V
The son was to arrive by way of Montreal, and at eleven o’clock we left Sheener’s room for the station. There was a flower stand on the corner, and Sheener bought a red carnation and fixed it in the old man’s buttonhole. “That’s the way the boy’ll know him,” he told me. “They ain’t seen each other for—since the boy was a kid.”
Evans accepted the attention querulously; he was trembling and feeble, yet held his head high. We took the subway, reached the station, sat down for a space in the waiting room.
But Evans was impatient; he wanted to be out in the train shed, and we went out there and walked up and down before the gate. I noticed that he was studying Sheener with some embarrassment in his eyes. Sheener was, of course, an unprepossessing figure. Lean, swarthy, somewhat flashy of dress, he looked what he was. He was my friend, of course, and I was able to look beneath the exterior. But it seemed to me that sight of him distressed Evans.

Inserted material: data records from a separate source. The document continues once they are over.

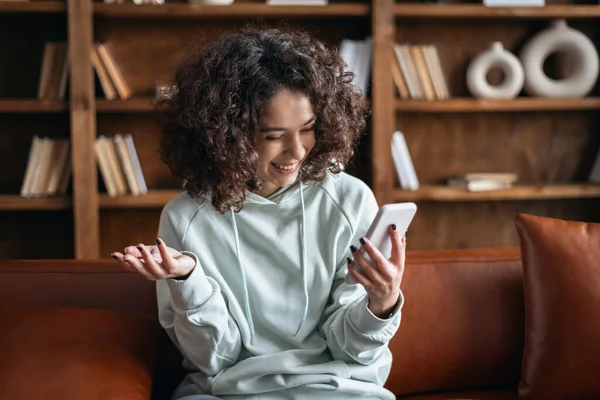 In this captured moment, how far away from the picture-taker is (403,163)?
133 inches

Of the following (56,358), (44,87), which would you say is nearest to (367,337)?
(56,358)

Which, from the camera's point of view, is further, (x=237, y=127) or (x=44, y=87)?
(x=44, y=87)

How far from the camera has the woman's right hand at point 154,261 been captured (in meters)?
1.27

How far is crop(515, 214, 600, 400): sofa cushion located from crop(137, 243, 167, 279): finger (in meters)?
0.80

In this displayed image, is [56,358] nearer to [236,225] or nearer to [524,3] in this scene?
[236,225]

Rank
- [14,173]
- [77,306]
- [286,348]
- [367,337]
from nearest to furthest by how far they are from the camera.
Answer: [367,337]
[286,348]
[77,306]
[14,173]

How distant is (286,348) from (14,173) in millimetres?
2269

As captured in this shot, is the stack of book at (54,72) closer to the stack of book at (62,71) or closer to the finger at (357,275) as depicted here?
the stack of book at (62,71)

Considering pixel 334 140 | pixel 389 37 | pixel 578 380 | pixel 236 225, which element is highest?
pixel 389 37

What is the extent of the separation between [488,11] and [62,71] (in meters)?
1.76

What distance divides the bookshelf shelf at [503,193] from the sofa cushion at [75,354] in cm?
196

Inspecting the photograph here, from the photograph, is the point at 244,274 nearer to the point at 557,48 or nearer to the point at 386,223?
the point at 386,223

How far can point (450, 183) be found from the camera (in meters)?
3.57

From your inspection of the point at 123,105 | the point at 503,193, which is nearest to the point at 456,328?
the point at 503,193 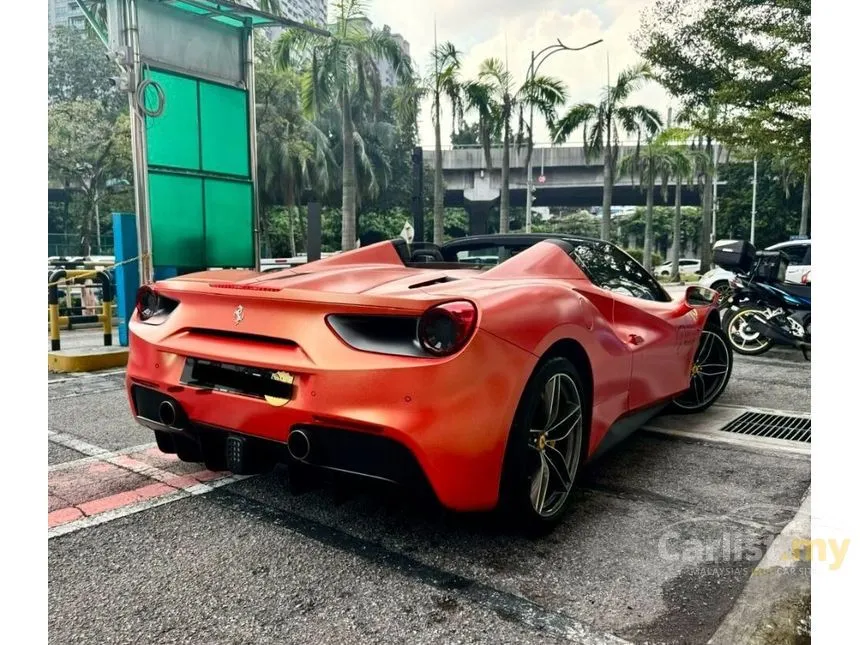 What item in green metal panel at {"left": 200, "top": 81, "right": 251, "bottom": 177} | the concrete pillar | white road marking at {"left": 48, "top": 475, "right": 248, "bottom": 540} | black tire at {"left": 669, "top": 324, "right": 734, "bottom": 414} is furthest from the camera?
the concrete pillar

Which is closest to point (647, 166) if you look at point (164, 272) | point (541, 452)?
point (164, 272)

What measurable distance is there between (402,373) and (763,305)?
7103mm

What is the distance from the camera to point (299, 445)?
8.41 feet

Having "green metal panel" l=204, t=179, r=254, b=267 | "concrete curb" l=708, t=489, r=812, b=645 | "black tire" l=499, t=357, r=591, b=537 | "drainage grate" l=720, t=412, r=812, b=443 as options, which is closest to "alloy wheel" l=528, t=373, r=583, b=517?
"black tire" l=499, t=357, r=591, b=537

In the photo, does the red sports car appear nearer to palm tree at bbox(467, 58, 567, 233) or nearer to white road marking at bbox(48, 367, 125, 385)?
white road marking at bbox(48, 367, 125, 385)

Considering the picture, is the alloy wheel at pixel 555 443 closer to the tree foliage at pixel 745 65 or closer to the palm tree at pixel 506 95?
the tree foliage at pixel 745 65

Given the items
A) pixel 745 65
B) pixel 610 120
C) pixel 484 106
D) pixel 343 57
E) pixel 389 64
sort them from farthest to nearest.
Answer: pixel 610 120, pixel 484 106, pixel 389 64, pixel 343 57, pixel 745 65

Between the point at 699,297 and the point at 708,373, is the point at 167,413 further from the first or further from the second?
the point at 708,373

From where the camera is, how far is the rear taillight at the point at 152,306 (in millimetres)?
3229

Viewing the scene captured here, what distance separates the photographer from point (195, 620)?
224 centimetres

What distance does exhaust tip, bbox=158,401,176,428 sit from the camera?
2.93 m

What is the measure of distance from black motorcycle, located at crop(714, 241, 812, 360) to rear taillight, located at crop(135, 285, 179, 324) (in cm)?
651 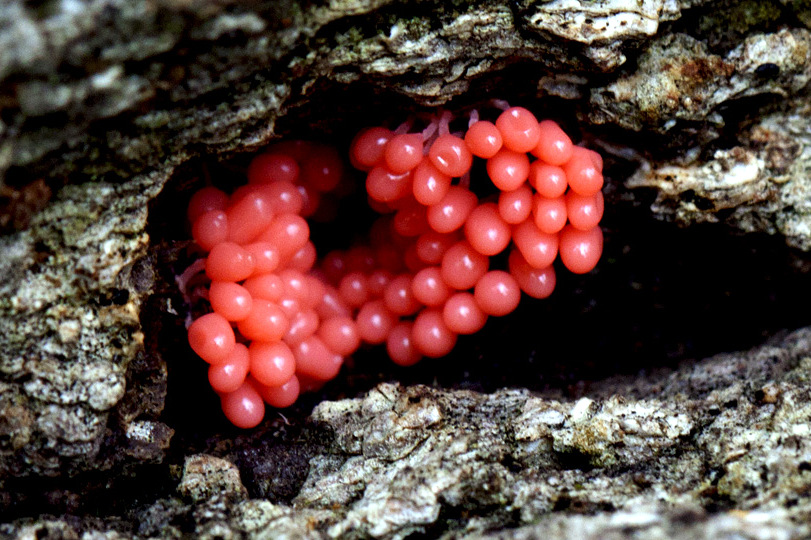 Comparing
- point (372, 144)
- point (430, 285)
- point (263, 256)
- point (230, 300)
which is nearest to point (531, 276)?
point (430, 285)

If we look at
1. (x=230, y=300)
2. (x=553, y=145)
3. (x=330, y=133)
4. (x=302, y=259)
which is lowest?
(x=302, y=259)

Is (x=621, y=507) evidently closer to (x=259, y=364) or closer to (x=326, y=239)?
(x=259, y=364)

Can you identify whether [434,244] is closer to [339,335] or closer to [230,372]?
[339,335]

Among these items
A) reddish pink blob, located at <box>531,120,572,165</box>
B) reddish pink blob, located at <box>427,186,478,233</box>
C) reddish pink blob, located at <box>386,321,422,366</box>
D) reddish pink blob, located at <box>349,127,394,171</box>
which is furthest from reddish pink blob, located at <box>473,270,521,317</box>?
reddish pink blob, located at <box>349,127,394,171</box>

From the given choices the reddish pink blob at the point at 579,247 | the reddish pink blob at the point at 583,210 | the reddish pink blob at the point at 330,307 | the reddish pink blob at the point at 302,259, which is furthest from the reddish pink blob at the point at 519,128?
the reddish pink blob at the point at 330,307

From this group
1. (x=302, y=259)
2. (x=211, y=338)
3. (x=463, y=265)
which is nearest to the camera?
(x=211, y=338)

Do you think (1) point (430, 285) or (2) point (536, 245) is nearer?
(2) point (536, 245)

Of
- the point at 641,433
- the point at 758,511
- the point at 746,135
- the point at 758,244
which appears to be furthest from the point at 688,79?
the point at 758,511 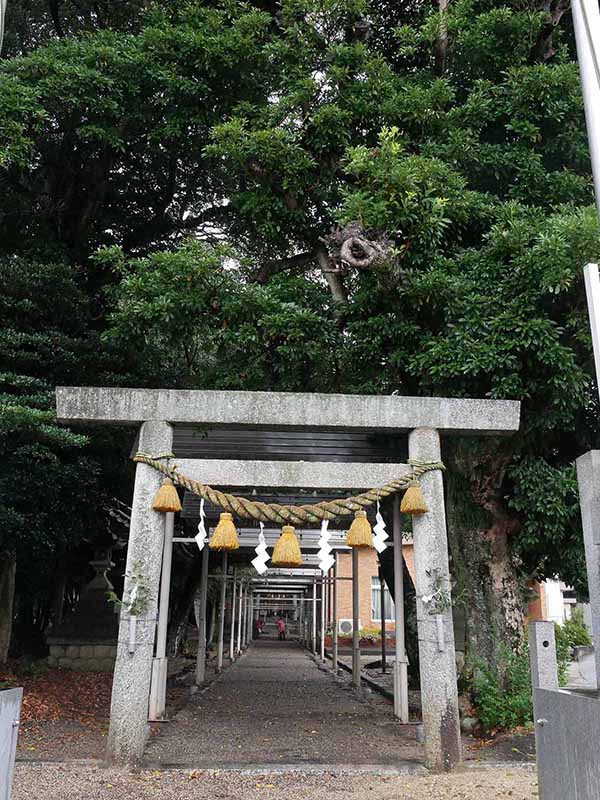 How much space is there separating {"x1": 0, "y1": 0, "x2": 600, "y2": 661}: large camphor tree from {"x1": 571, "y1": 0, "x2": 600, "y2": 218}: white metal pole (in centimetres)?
361

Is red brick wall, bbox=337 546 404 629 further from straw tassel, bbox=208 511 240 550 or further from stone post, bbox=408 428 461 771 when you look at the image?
straw tassel, bbox=208 511 240 550

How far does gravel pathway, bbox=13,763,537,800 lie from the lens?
243 inches

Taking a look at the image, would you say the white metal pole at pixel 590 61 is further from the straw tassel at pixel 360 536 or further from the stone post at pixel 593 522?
the straw tassel at pixel 360 536

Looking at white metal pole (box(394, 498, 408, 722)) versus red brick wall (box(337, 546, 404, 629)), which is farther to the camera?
red brick wall (box(337, 546, 404, 629))

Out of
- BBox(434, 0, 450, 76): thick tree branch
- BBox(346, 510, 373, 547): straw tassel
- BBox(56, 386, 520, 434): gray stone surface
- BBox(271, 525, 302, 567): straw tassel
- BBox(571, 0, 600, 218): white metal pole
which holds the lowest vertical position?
BBox(271, 525, 302, 567): straw tassel

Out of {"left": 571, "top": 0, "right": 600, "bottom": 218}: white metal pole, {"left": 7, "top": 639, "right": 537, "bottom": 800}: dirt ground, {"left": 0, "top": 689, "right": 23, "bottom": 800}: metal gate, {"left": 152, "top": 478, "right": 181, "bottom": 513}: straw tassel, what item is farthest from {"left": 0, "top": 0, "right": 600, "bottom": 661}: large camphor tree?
{"left": 0, "top": 689, "right": 23, "bottom": 800}: metal gate

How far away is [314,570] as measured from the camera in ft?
65.2

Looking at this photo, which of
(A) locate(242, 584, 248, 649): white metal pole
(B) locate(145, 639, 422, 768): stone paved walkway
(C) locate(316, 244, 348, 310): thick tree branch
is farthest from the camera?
(A) locate(242, 584, 248, 649): white metal pole

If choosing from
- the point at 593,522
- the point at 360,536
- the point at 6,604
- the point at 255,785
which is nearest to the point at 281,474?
the point at 360,536

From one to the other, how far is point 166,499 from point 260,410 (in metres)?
1.30

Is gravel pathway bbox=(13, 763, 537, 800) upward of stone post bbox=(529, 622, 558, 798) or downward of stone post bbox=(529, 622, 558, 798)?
downward

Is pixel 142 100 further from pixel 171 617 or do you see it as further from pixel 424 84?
pixel 171 617

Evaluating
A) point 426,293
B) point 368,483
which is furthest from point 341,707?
point 426,293

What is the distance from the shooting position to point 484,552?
33.0 feet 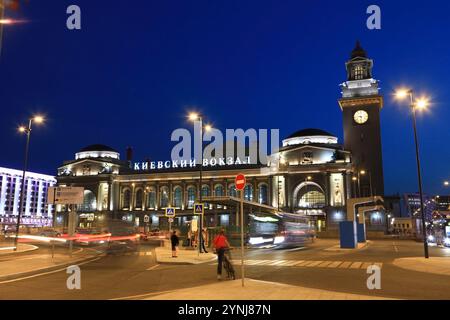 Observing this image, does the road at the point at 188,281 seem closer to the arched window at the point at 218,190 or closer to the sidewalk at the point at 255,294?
the sidewalk at the point at 255,294

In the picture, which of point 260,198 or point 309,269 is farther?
point 260,198

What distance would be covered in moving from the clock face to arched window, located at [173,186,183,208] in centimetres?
4725

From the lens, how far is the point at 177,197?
112125 millimetres

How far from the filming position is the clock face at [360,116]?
320 feet

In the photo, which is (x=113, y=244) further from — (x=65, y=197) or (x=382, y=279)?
(x=382, y=279)

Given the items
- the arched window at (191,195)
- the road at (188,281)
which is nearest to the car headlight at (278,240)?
the road at (188,281)

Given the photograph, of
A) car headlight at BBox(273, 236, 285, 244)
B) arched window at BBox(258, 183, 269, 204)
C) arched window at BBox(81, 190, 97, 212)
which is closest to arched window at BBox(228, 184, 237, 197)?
arched window at BBox(258, 183, 269, 204)

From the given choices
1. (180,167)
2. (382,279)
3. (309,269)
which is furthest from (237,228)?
(180,167)

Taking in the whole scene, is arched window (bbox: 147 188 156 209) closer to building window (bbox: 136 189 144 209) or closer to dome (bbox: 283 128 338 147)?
building window (bbox: 136 189 144 209)

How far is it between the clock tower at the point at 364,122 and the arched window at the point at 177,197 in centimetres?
4347

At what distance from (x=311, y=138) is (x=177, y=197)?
37.8 metres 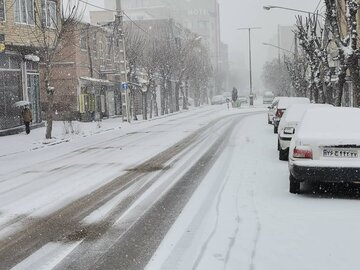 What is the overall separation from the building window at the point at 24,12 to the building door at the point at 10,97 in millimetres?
2889

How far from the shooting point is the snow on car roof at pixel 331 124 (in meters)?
8.71

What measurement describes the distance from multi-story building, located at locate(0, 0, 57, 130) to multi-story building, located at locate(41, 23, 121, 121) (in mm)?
5573

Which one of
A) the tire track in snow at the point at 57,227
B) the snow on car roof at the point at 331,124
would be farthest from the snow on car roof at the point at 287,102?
the tire track in snow at the point at 57,227

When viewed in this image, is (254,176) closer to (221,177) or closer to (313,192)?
(221,177)

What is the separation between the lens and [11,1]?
2670cm

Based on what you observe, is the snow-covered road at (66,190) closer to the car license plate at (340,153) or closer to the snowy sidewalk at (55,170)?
the snowy sidewalk at (55,170)

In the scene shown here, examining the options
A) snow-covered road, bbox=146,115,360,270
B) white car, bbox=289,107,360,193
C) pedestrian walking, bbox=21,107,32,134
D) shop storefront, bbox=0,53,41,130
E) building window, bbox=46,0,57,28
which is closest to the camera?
snow-covered road, bbox=146,115,360,270

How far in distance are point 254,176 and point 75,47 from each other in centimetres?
3142

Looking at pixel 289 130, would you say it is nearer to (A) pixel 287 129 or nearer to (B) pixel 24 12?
(A) pixel 287 129

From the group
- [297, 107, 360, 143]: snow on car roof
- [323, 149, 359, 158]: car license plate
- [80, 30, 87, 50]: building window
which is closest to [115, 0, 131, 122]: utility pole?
[80, 30, 87, 50]: building window

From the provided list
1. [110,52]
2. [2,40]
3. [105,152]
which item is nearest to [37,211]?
[105,152]

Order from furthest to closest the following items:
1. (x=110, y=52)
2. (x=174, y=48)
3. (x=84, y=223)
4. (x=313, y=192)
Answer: (x=174, y=48) < (x=110, y=52) < (x=313, y=192) < (x=84, y=223)

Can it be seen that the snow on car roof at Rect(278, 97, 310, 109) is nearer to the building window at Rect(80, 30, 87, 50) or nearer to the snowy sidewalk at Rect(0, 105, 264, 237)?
the snowy sidewalk at Rect(0, 105, 264, 237)

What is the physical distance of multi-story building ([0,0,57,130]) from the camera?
26266mm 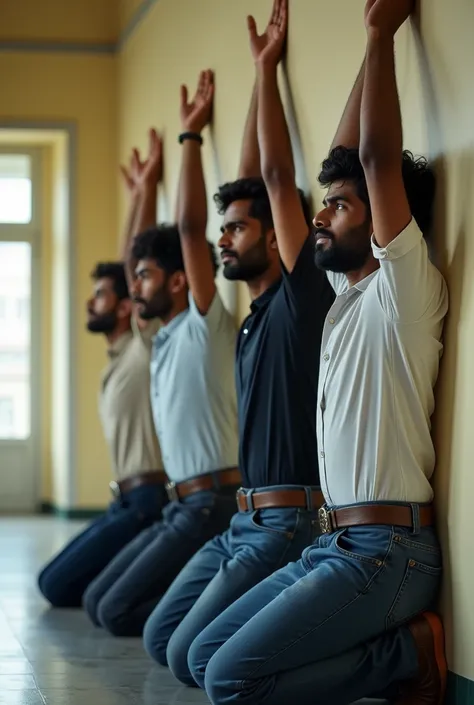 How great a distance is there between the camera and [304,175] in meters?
4.41

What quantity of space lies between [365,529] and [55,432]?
21.8 feet

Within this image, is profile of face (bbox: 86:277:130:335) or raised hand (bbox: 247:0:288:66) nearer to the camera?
raised hand (bbox: 247:0:288:66)

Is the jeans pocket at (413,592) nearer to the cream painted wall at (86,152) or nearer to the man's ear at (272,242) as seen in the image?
the man's ear at (272,242)

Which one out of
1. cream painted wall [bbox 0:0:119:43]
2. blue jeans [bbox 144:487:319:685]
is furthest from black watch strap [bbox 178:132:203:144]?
cream painted wall [bbox 0:0:119:43]

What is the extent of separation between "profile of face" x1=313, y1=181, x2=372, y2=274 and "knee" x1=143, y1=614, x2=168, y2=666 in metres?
1.58

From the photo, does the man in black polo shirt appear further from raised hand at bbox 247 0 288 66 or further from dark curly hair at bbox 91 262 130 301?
dark curly hair at bbox 91 262 130 301

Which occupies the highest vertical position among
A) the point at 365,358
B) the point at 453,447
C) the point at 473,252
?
the point at 473,252

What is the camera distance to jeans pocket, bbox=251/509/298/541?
12.7ft

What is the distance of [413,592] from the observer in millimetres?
3234

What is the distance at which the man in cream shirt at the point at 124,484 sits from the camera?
5.74m

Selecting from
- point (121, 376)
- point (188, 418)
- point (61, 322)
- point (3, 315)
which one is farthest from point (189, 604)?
point (3, 315)

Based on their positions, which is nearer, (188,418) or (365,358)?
(365,358)

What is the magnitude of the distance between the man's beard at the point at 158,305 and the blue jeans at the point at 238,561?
1370mm

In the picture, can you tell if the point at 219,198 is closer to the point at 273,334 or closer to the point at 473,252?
the point at 273,334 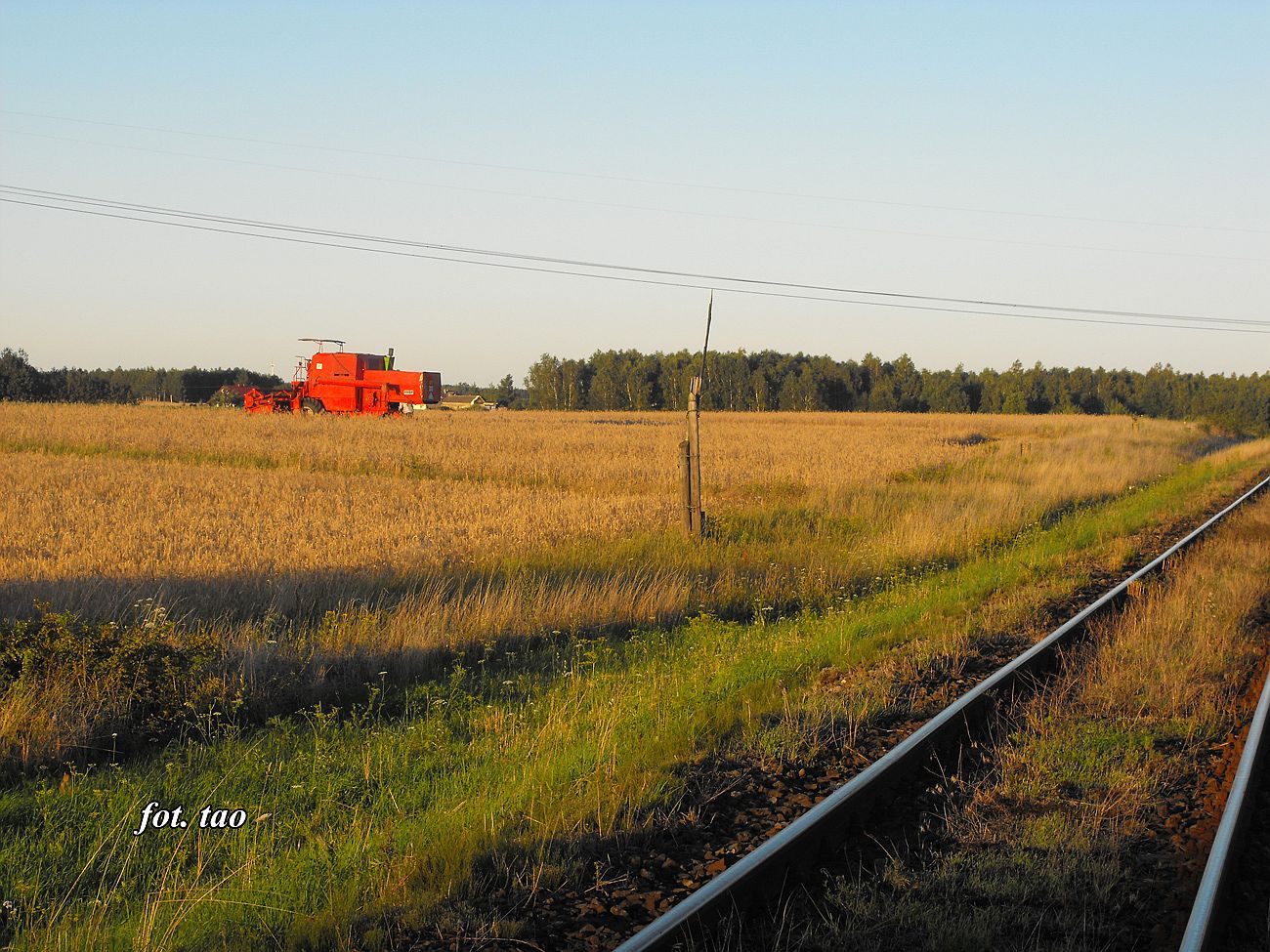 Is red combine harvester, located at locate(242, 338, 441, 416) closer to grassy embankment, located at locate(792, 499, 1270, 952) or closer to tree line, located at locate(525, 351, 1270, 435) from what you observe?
grassy embankment, located at locate(792, 499, 1270, 952)

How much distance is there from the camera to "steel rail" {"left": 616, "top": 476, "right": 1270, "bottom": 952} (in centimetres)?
400

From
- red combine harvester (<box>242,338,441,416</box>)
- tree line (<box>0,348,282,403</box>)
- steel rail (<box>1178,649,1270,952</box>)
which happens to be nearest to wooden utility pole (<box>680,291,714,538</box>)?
steel rail (<box>1178,649,1270,952</box>)

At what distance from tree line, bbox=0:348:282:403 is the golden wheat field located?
54413 mm

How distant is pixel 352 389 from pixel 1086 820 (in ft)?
162

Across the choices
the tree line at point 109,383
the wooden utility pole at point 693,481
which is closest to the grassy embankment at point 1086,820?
the wooden utility pole at point 693,481

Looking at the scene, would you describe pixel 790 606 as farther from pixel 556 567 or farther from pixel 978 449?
pixel 978 449

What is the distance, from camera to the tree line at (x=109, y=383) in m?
81.8

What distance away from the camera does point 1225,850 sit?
4.73 m

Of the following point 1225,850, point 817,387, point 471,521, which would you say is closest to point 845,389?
point 817,387

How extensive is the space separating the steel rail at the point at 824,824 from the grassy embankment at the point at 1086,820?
27cm

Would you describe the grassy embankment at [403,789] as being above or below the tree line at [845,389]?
below

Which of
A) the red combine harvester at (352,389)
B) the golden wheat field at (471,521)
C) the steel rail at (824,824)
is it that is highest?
the red combine harvester at (352,389)

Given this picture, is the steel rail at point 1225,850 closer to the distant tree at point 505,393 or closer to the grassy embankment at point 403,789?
the grassy embankment at point 403,789

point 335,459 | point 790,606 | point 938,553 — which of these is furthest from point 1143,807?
point 335,459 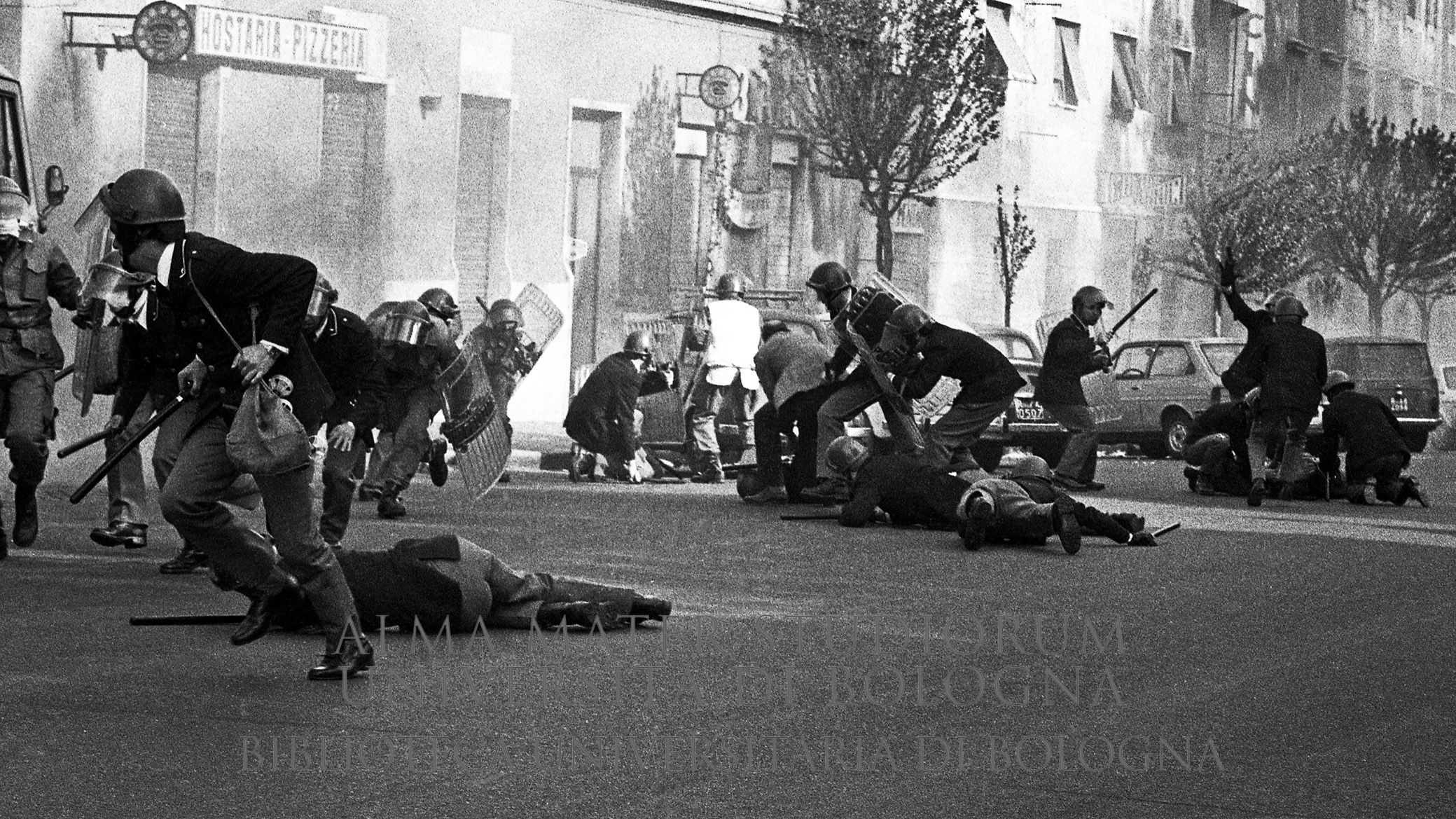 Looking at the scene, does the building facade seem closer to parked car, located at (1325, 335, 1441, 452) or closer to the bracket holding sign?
the bracket holding sign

In the end the old man said, somewhat furtively: “I say, you know, I want to meet my boy alone. You won’t mind standing back a bit when the train comes in.”
“Sure,” Sheener told him. “We won’t get in the way. You’ll see. He’ll pick you out in a minute, old man. Leave it to me.”
Evans nodded. “Quite so,” he said with some relief. “Quite so, to be sure.”
So we waited. Waited till the train slid in at the end of the long train shed. Sheener gripped the old man’s arm. “There he comes,” he said sharply. “Take a brace, now. Stand right there, where he’ll spot you when he comes out. Right there, bo.”
“You’ll step back a bit, eh, what?” Evans asked.
“Don’t worry about us,” Sheener told him. “Just you keep your eye skinned for the boy. Good luck, bo.”